My first stay in Buenos Aires was to be a brief one, because I’d bought a bus ticket to Asunción, the capital of Paraguay, leaving on my second evening in South America. I spend my second day in Buenos Aires feeling slighly more coherent, and hung around with Sharon from Essex who I’d met in the hostel. She’d done much the same route as I was going to do but the other way around, and was now at the end of her trip. She needed to reconfirm her ticket home so we walked up to the offices of Iberia, on Avenida 9 Julio. I liked the fact that every town in Argentina has an Avenida 9 Julio because it’s my birthday.
Tickets sorted, we got a licuado at a cafe and sat in the sunshine. Licuados are fruity sweet milkshakes and I hadn’t had one since I was in Central America so I really enjoyed it. Our business in this part of town done with, we walked back to San Telmo and on south into La Boca. We passed the Boca Juniors stadium and I silently cursed Maradona and his infamous ‘hand of god’ as we walked by.
We explored La Boca for a while, and stopped for refreshments in a lot of cafes. One was by what we’d assumed was a disused railway line and we were surprised when a freight train suddenly rumbled by.
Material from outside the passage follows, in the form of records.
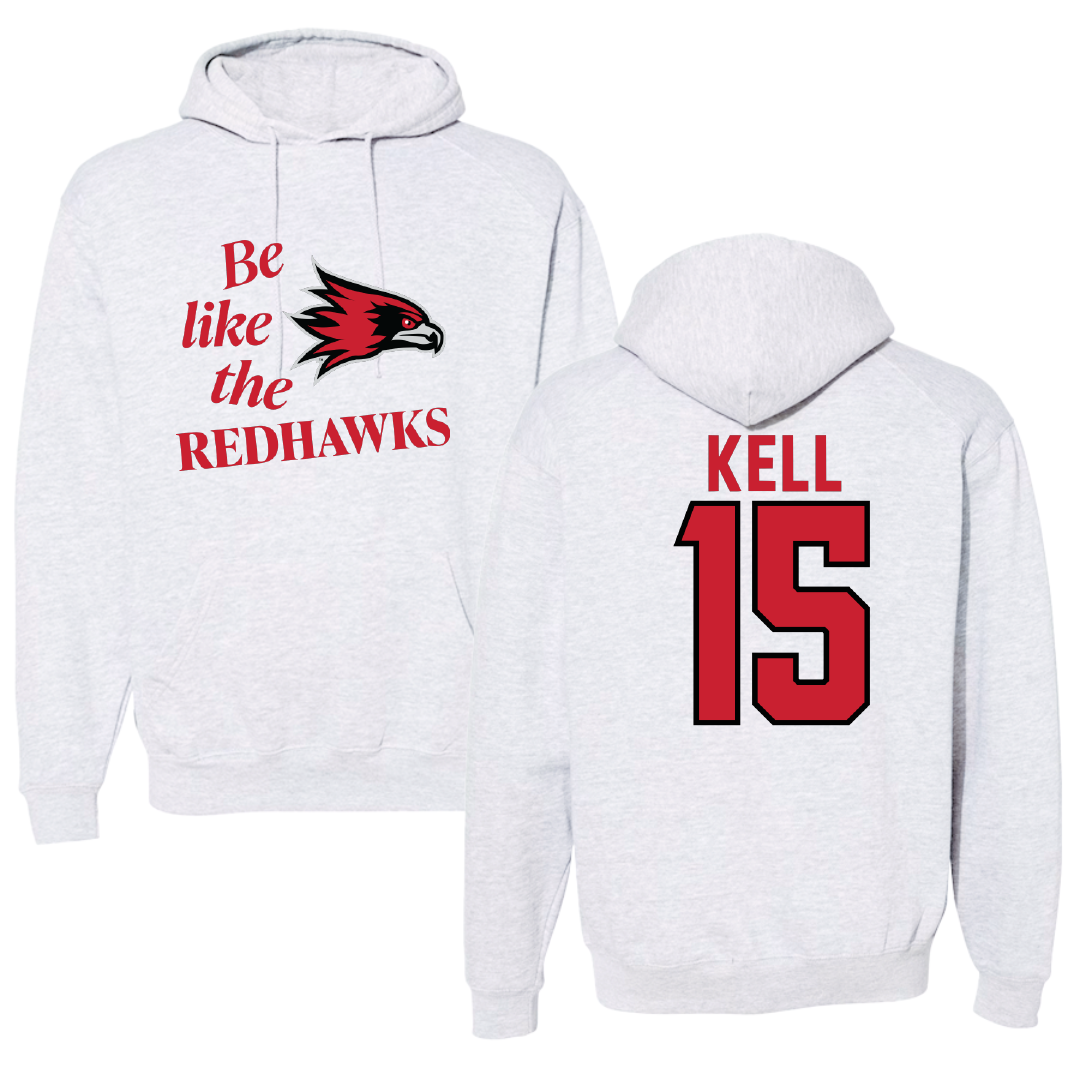 Southeast Missouri State University Softball Light Gray Be Like Us Hoodie - #15 Delaney Kell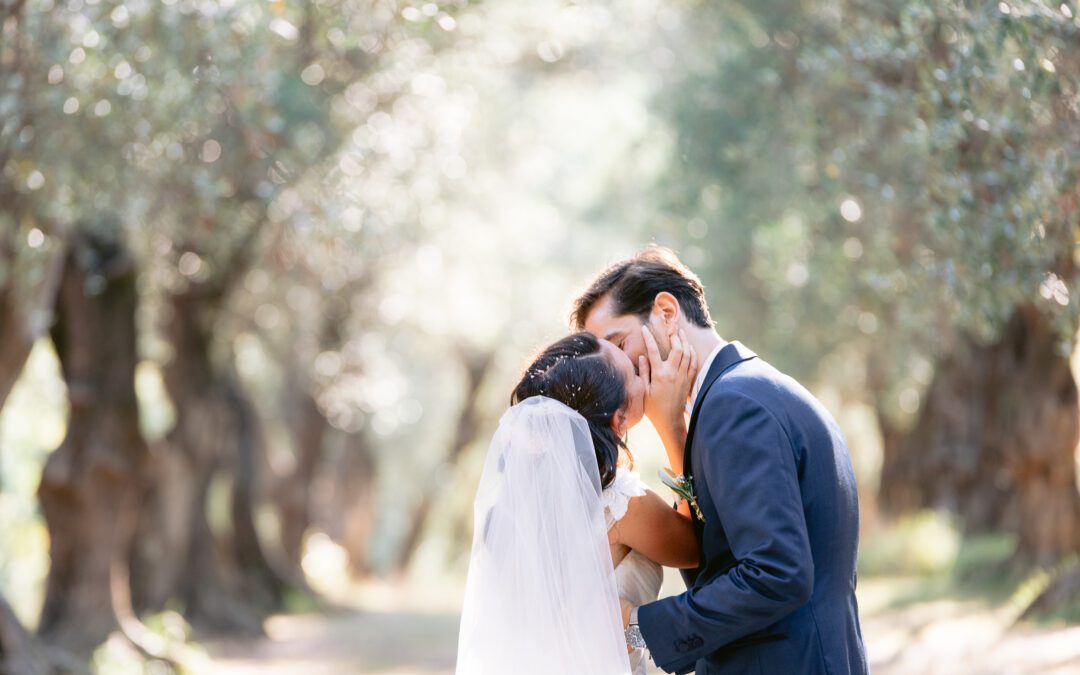 Mariage sous le chants des cigales à Menton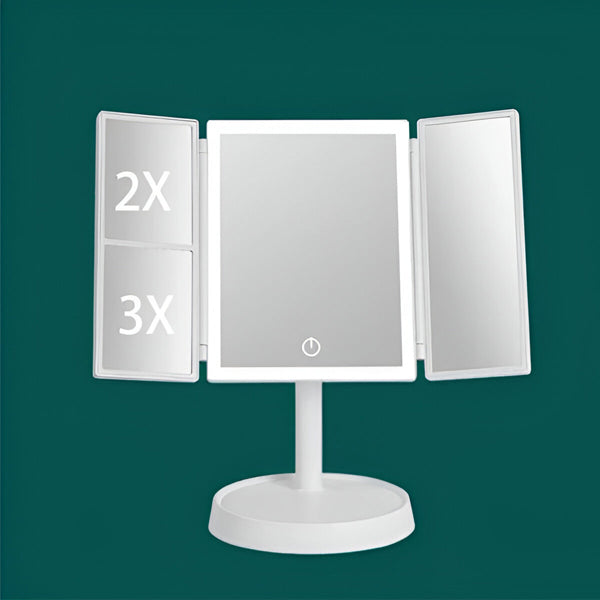Svetlobno LED ogledalo za ličenje | STARMIRROR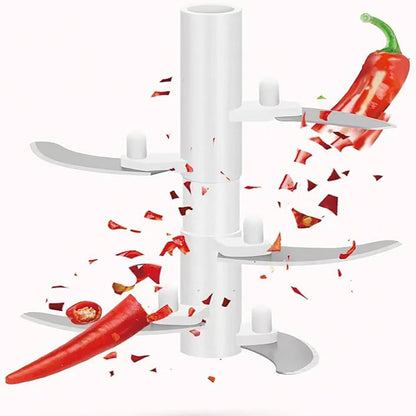 TRITATUTTO 500/900ML Manuale Aglio Chopper Tirare A Mano Presse Frantoio Smerigliatrice di Verdure Peperoncino Cipolla ™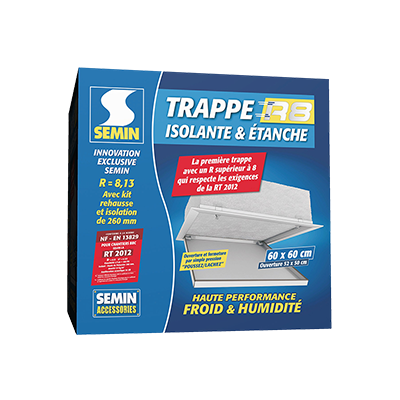  Kit trappe de comble r8 isolante et étanche Semin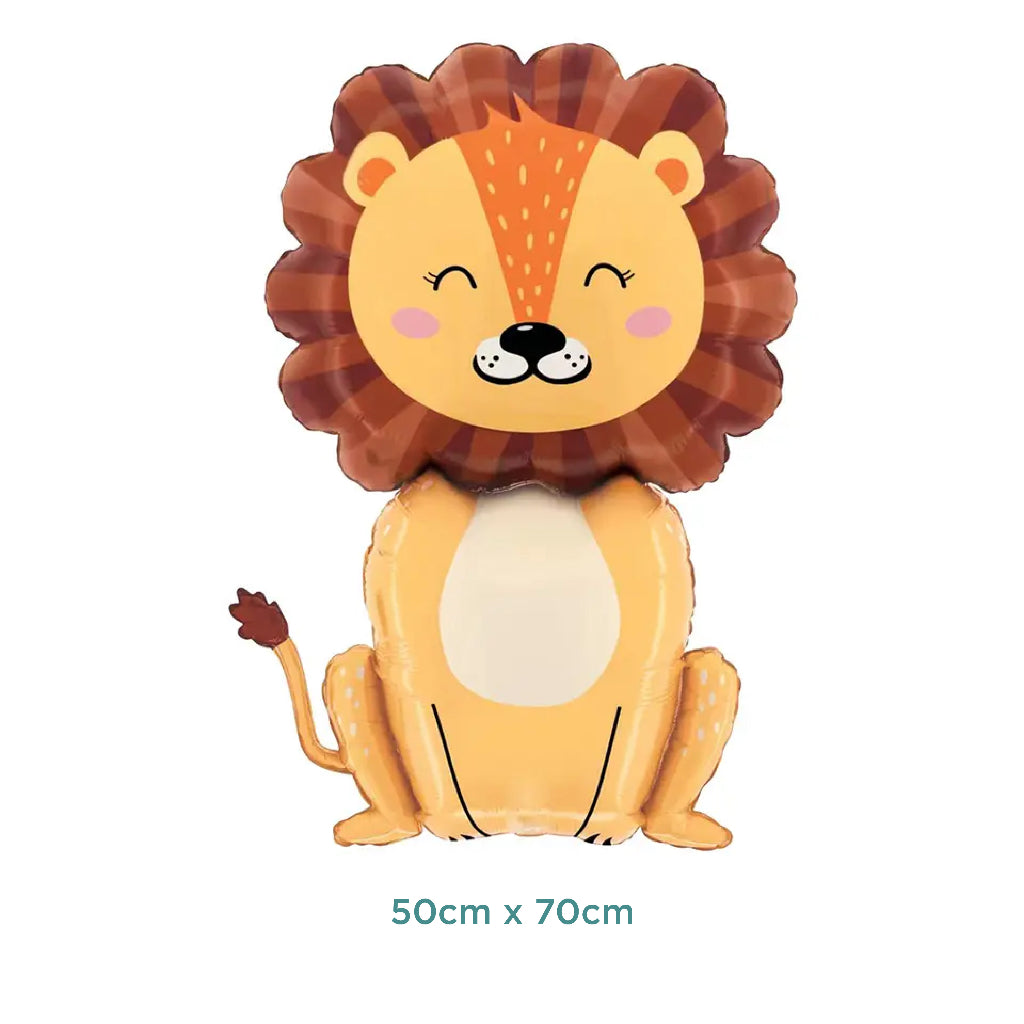 Large Jungle Safari Animal Foil Balloon Individual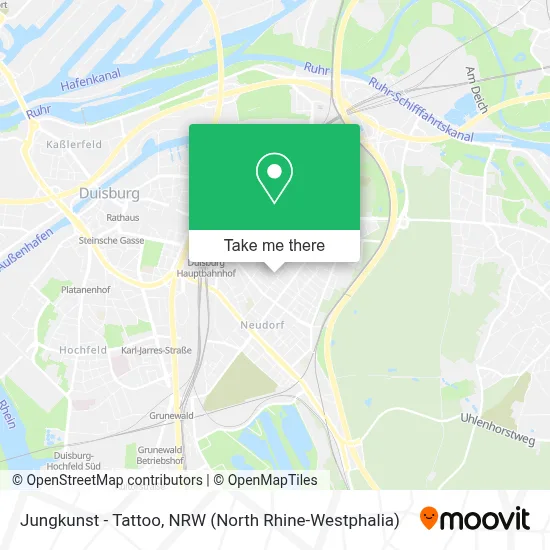 Jungkunst - Tattoo map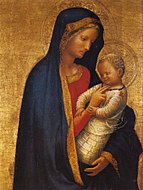 馬薩喬的《聖母子（義大利語：Madonna del solletico）》，24.5 × 18.2 cm，約繪於1426年，1988年始藏[23]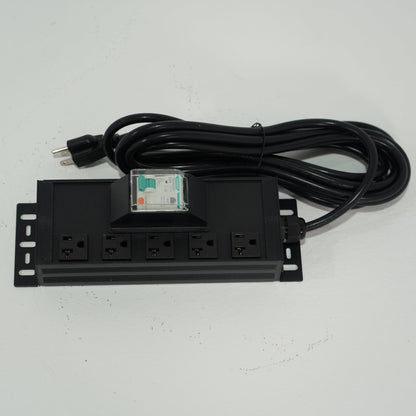Deeptime High Quality Power Strip US Cabinet Socket Outlet Power Distribution with Switch & Overload Protection 220V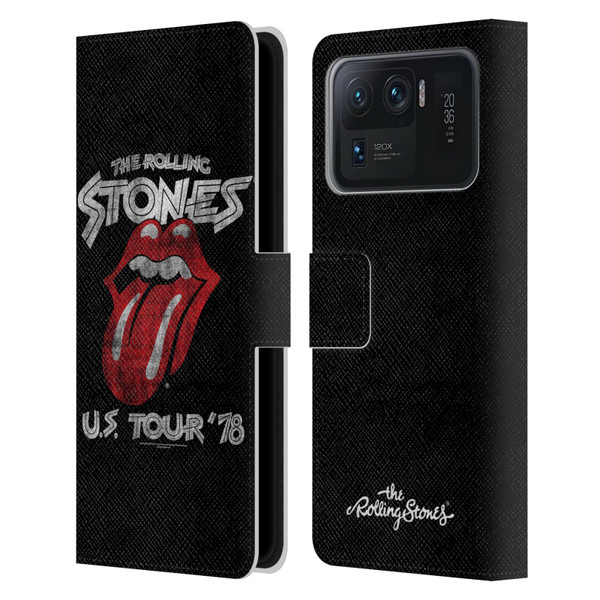The Rolling Stones Key Art Us Tour 78 Leather Book Wallet Case Cover For Xiaomi Mi 11 Ultra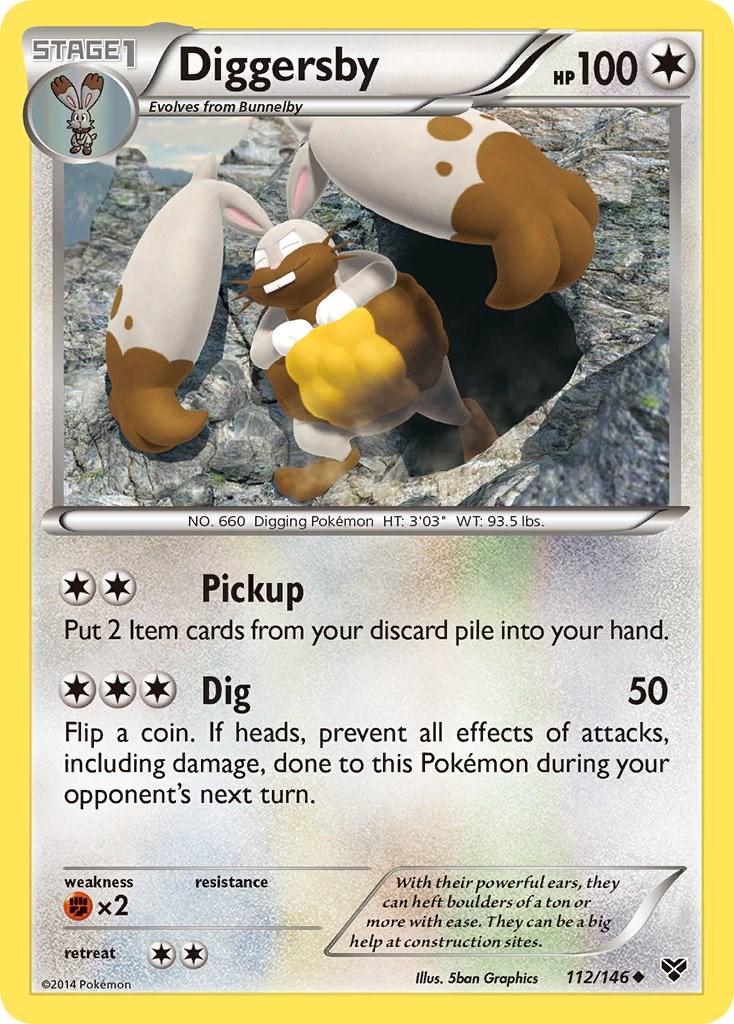 Diggersby #112 Pokemon XY
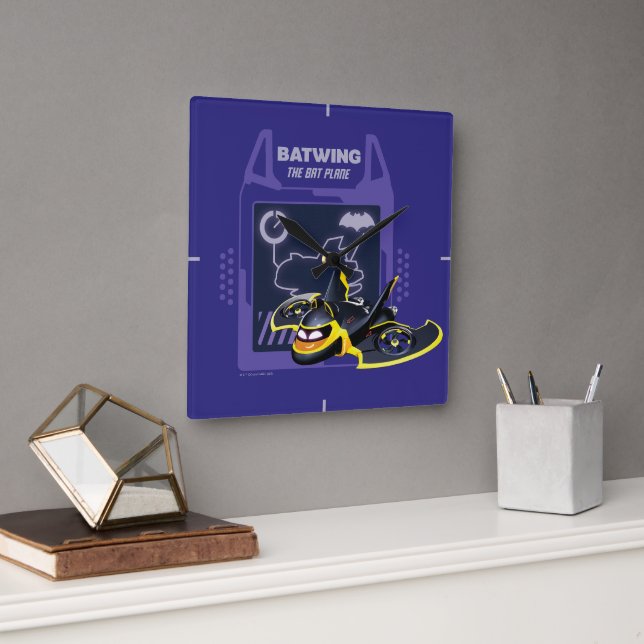 Batwheels™ Batwing - The Bat Plane Square Wall Clock (Office)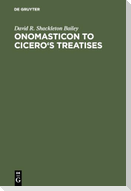 Onomasticon to Cicero's Treatises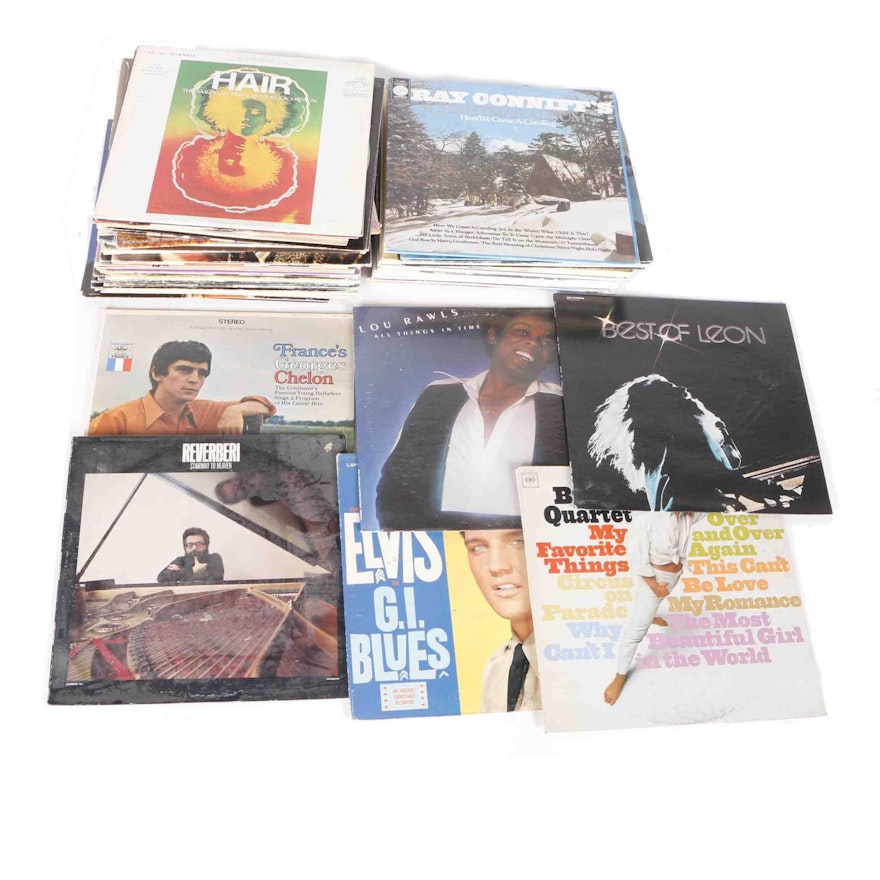 Elvis Presley, Isaac Hayes and Other Vintage Records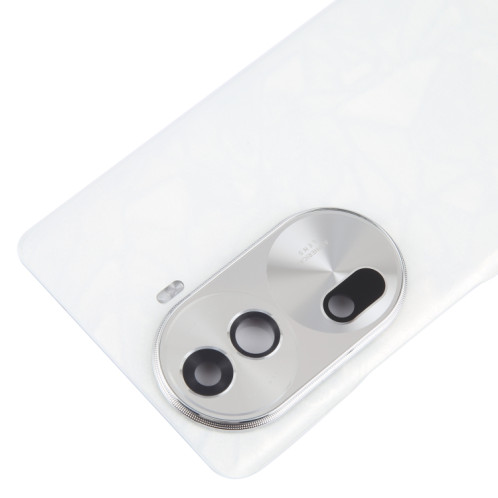 Pour OPPO Reno11 5G Couvercle arrière de la batterie d'origine avec couvercle d'objectif de caméra (blanc) SH07WL323-07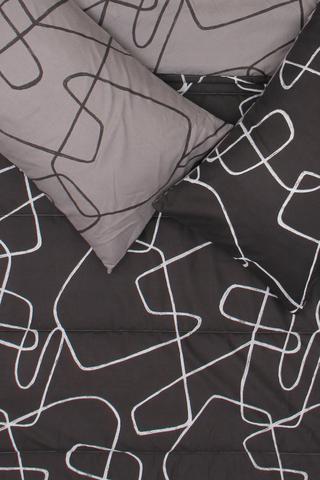 Microfibre Tangled Lines Comforter Set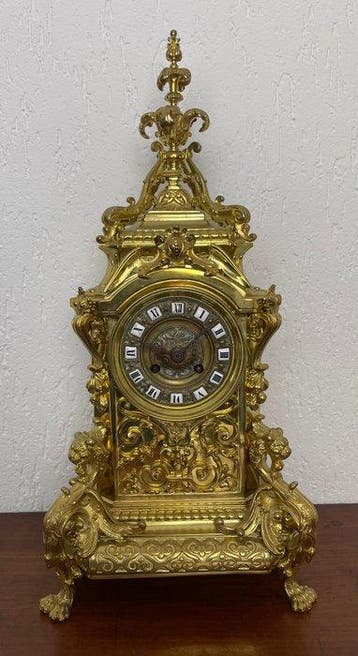 Klok Louis XVI Brons - 1850-1900 - met cartouches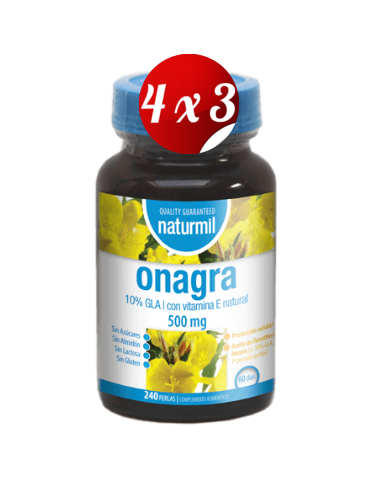 Pack 4x3 uds Onagra 500 Mg Perlas 240 Capsulas De Dietmed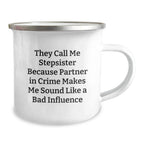 Funny Stepsister Gifts from Men to Partner in Crime on Christmas Unique Mugs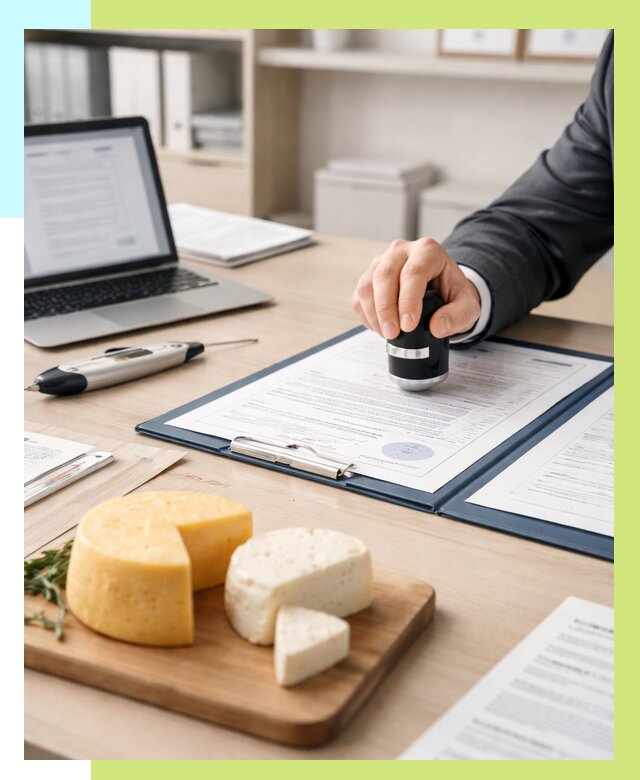 Сертификация сыров в Красноуфимске от 15236 р | Сертификат на сыр Алешин-Крф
At 6pm I headed to Retiro bus station to catch the bus to Paraguay. A huge, luxurious bus pulled in to the stand not long after I got there, and a beautiful attendent emerged. Through the darkened windows I could see large, comfortable seats and what looked like a coffee machine. My ticket had only cost £12 so it looked like my luck was in. But no – the beautiful attendant looked at my ticket with haughty disdain and told me it was for a different bus. The giant bus pulled out and revealed a much smaller, tattier bus. Slightly disappointed, I began to doze off as we headed into the Buenos Aires rush hour on our way to Paraguay.